The rest of my day was spent in the auditorium as I sat trying to figure out what to do. Some teachers did walk around with bottled water for us. By the afternoon, many students were just cutting class and hanging out in the auditorium. I still chuckle at this comment some other student made:

Okay, this is the start of World War III, IV AND V!

Eventually I managed to make a phone call inside someone’s office and I called home. My father answered and after asking him about my mother’s whereabouts, he told me she was on her way to pick me up. I couldn’t believe it at first and I had to ask him a couple more times just so I knew I heard exactly what I had heard. Within a half hour or so, my brother was inside looking for me.

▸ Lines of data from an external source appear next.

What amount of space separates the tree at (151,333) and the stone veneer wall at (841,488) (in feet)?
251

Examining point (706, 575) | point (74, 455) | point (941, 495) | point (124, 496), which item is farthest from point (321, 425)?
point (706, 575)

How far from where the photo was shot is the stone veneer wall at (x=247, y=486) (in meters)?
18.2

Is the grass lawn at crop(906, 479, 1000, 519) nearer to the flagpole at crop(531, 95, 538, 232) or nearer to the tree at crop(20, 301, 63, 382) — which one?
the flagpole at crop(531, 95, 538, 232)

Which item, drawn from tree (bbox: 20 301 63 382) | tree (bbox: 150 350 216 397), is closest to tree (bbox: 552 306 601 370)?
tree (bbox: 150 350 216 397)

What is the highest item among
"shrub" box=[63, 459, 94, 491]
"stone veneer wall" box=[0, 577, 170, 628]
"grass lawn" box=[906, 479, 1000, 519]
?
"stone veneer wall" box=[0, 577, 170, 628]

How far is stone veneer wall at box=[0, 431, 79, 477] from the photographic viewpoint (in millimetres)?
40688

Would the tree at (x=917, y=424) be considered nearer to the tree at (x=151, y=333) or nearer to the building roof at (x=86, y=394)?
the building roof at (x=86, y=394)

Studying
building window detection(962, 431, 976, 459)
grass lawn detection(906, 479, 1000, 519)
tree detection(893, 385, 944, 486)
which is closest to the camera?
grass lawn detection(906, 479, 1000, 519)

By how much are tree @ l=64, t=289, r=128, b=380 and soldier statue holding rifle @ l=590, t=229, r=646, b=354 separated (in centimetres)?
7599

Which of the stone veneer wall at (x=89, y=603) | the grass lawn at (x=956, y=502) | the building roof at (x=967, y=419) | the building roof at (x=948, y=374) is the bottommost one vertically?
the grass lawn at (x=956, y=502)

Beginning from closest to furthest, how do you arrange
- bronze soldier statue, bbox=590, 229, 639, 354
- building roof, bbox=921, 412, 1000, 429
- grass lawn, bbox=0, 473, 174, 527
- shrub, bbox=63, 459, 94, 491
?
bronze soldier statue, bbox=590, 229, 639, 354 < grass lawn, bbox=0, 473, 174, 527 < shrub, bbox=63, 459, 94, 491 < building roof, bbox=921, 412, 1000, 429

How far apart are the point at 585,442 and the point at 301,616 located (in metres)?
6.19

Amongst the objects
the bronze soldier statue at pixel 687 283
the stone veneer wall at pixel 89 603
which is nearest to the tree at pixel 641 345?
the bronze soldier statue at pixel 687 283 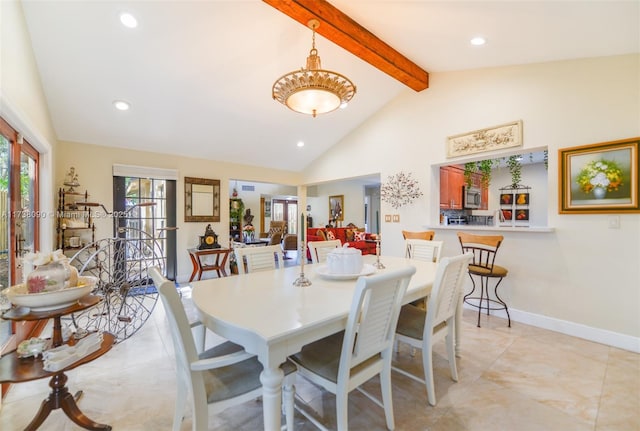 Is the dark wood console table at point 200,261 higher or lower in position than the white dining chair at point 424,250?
lower

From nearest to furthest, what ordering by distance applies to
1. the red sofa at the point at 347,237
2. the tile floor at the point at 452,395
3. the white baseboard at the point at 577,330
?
the tile floor at the point at 452,395
the white baseboard at the point at 577,330
the red sofa at the point at 347,237

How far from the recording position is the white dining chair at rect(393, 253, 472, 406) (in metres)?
1.76

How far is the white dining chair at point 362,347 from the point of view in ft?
4.26

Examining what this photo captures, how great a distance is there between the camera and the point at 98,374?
2156mm

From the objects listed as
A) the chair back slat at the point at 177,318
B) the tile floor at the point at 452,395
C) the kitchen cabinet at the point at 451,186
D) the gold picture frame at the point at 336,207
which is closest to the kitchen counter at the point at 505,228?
the kitchen cabinet at the point at 451,186

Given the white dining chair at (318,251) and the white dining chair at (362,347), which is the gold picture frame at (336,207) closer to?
the white dining chair at (318,251)

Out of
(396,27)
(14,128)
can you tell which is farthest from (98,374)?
(396,27)

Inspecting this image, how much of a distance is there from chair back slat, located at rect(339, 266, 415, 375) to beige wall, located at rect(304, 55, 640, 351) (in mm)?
2533

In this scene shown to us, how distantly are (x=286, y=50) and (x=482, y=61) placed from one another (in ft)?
7.40

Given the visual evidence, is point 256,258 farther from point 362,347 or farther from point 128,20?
point 128,20

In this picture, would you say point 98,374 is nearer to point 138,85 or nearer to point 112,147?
point 138,85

He led me outside and I finally saw my mother standing in front of me. I don’t think I had ever hugged her for so long or with as much strength. We cried together in our embrace. Shortly afterward I looked towards the sky and saw a giant plume of yellowish-grey smoke—the World Trade Center was gone. I used to be able to see the Twin Towers from outside my school on a daily basis. I had thought there was a partial collapse and that the planes that hit the tower were just small private aircraft.

It was a somber drive home as we drove up Myrtle Avenue (highways were closed, I think, so we had to rely on this local street) and went to a McDonald’s drive-thru for dinner (I remember eating a McChicken sandwich). It was just so weird that the World Trade Center was now gone. The Twin Towers that could be seen from practically anywhere were now just memories.

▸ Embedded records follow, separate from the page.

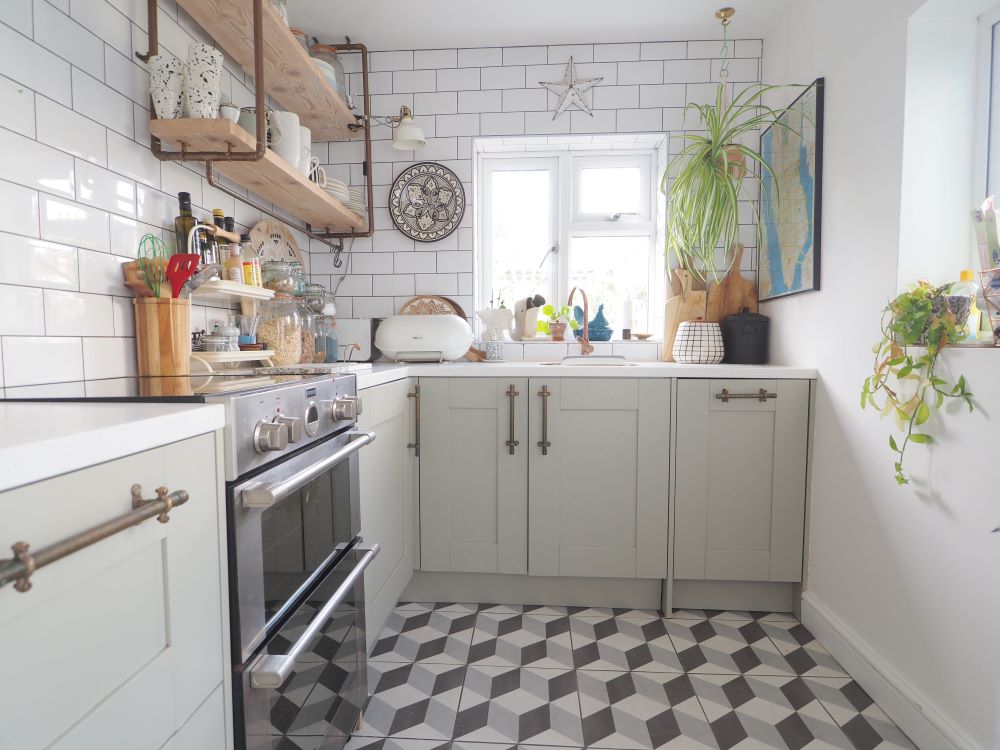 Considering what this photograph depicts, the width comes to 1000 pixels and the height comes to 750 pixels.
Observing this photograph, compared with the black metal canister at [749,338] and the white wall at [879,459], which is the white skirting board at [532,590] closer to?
the white wall at [879,459]

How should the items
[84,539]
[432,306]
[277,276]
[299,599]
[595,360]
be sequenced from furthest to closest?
[432,306] < [595,360] < [277,276] < [299,599] < [84,539]

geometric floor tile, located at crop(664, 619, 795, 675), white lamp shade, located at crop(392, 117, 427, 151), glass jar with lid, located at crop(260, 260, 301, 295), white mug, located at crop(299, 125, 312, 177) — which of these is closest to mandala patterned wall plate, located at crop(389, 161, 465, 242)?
white lamp shade, located at crop(392, 117, 427, 151)

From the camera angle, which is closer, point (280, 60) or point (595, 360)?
point (280, 60)

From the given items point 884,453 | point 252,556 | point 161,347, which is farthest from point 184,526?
point 884,453

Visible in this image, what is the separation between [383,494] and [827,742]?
1.38 metres

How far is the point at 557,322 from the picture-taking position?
107 inches

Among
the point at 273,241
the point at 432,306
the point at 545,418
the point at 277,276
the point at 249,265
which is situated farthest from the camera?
the point at 432,306

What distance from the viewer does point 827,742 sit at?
144cm

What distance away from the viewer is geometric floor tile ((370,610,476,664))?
Result: 1.83m

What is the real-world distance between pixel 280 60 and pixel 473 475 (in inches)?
62.1

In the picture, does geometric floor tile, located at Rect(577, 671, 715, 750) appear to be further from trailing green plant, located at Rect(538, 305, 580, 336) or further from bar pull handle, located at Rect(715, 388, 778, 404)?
trailing green plant, located at Rect(538, 305, 580, 336)

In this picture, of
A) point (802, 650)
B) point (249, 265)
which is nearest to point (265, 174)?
point (249, 265)

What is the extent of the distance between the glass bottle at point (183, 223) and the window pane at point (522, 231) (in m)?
1.50

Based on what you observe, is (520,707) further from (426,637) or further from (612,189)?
(612,189) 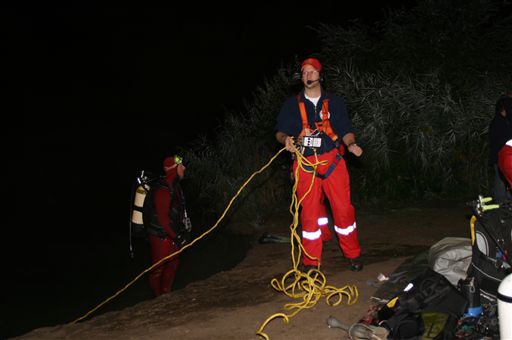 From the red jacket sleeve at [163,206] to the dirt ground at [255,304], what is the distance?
958 mm

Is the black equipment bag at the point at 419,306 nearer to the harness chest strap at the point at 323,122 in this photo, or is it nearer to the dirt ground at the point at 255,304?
the dirt ground at the point at 255,304

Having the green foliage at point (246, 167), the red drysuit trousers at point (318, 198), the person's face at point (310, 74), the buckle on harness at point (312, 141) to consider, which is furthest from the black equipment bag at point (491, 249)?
the green foliage at point (246, 167)

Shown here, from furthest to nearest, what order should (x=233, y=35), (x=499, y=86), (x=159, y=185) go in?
(x=233, y=35) → (x=499, y=86) → (x=159, y=185)

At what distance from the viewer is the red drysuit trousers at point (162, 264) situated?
7.71 m

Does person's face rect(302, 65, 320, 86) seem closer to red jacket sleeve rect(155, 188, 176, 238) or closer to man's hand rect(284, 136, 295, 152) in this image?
man's hand rect(284, 136, 295, 152)

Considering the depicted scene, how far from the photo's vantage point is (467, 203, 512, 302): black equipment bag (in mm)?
4137

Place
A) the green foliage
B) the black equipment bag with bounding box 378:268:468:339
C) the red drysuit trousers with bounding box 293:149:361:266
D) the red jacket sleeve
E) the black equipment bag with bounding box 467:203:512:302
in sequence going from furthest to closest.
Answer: the green foliage < the red jacket sleeve < the red drysuit trousers with bounding box 293:149:361:266 < the black equipment bag with bounding box 467:203:512:302 < the black equipment bag with bounding box 378:268:468:339

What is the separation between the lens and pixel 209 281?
7090mm

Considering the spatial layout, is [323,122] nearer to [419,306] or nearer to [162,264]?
[419,306]

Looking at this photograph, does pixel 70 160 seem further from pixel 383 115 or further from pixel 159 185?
pixel 159 185

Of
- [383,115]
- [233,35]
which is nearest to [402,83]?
[383,115]

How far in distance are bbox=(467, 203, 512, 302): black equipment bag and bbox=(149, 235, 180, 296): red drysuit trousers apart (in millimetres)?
4397

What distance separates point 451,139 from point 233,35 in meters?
33.6

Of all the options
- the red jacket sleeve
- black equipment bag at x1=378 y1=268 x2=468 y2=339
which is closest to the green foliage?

I don’t remember as much of the evening once I got back home. That morning’s “goodbye” turned out not to be the final one she ever made and I hope that final goodbye doesn’t come for a very long time.

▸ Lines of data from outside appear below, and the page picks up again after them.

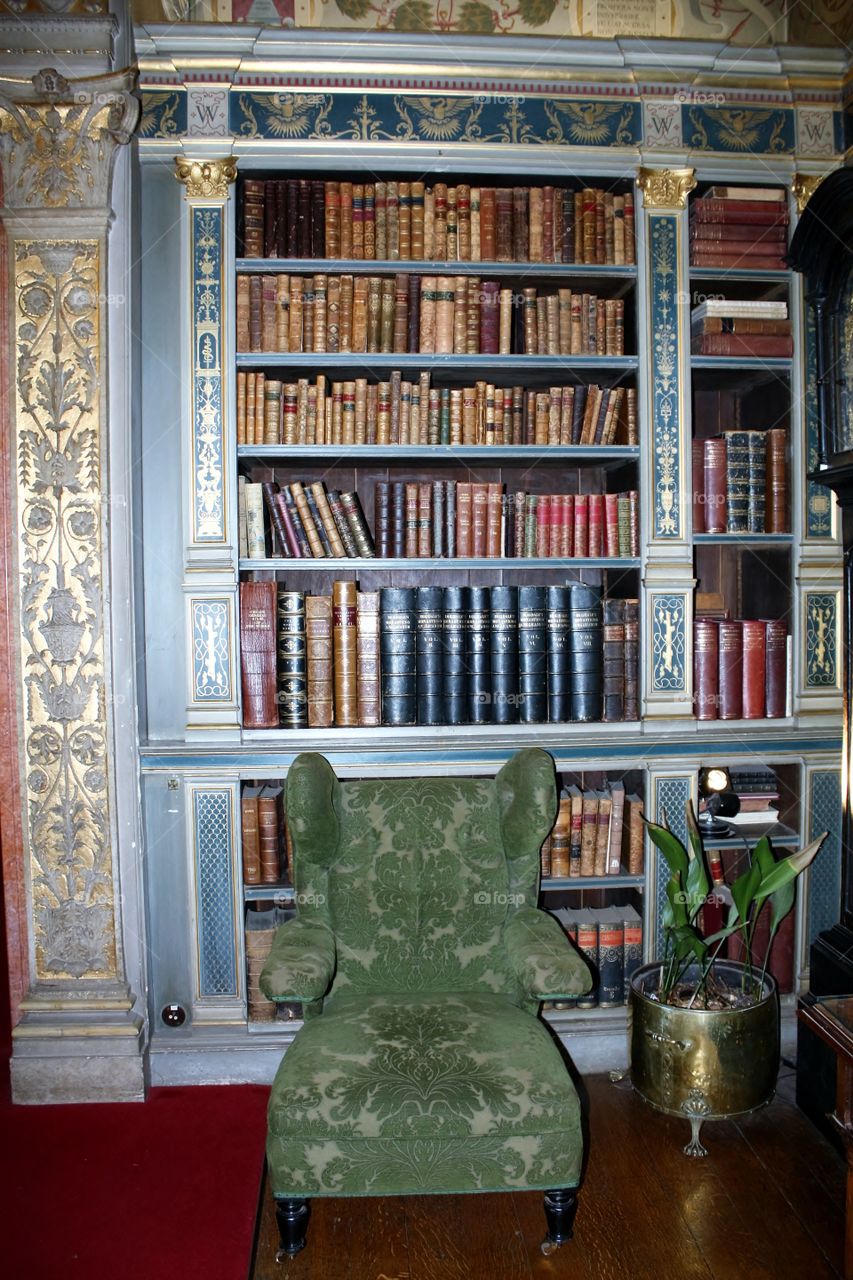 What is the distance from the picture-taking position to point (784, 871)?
2.44 metres

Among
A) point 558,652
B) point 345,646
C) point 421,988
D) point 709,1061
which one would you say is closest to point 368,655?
point 345,646

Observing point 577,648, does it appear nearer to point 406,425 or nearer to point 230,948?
point 406,425

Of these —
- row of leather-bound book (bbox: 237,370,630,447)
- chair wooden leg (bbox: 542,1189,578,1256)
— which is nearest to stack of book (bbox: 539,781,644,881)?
chair wooden leg (bbox: 542,1189,578,1256)

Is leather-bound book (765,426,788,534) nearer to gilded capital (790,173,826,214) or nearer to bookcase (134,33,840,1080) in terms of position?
bookcase (134,33,840,1080)

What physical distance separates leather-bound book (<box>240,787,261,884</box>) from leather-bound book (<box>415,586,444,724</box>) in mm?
566

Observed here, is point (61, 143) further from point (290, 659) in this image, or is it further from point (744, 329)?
point (744, 329)

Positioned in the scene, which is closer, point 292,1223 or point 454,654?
point 292,1223

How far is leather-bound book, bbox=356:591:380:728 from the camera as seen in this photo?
112 inches

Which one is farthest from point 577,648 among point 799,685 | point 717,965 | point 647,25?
point 647,25

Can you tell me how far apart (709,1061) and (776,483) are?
168cm

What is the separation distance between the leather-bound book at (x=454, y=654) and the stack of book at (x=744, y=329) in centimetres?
106

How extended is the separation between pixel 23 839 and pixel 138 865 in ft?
1.08

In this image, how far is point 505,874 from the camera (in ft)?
8.25

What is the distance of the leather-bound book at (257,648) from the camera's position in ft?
9.23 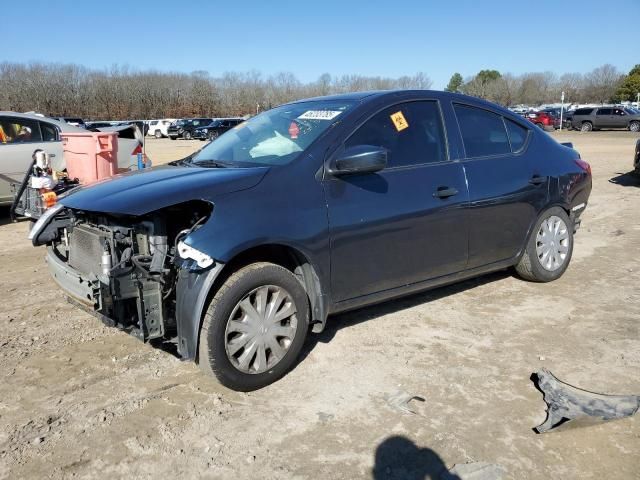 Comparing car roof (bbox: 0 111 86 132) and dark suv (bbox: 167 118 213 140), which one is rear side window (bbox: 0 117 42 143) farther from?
dark suv (bbox: 167 118 213 140)

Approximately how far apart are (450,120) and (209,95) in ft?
248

The happiness I once had after seeing my mom alive dissipated and became more of a general aura of sadness. I couldn’t believe how many lives were lost that day, how many children never got to see their fathers and/or mothers return; even a story about dogs whose owners died on 9/11 saddened me because it mentioned how the dogs were still waiting by the door for their owners to come home weeks after the attacks had already taken place.

My future children will probably be asking me where I was on September 11 and if I have any “cool” stories to tell. I’ll probably relay this same story to them that I had shared with you and perhaps teach them never to think of a routine as being absolute because it can change in an instant. And I guess I can teach them the value of life as well.


Epilogue: I just remembered my mother was also working near the World Trade Center in 1993 when terrorists first tried to blow up the Twin Towers by detonating a bomb inside a truck parked inside an underground garage. The goal was to have one tower topple onto the other. My mom worked in One Liberty Plaza, located directly next to the World Trade Center, but she was unharmed. I was still in first grade and I don’t really remember that much of that day, other than being dismissed early from school and how a lot of the channels were showing the same thing (coverage of the bombing).

Her office at One Liberty Plaza was literally next to the Twin Towers—if you were to walk towards the window and stare out, the Twin Towers were practically right there in your face. It was a beautiful view.

My mom always wanted to take me and my brother to the World Trade Center to eat at this restaurant. No, not Windows on the World, but there was some other restaurant on the ground level or in the basement that she wanted us to go to. There was also a Borders bookstore that she went to on occasion.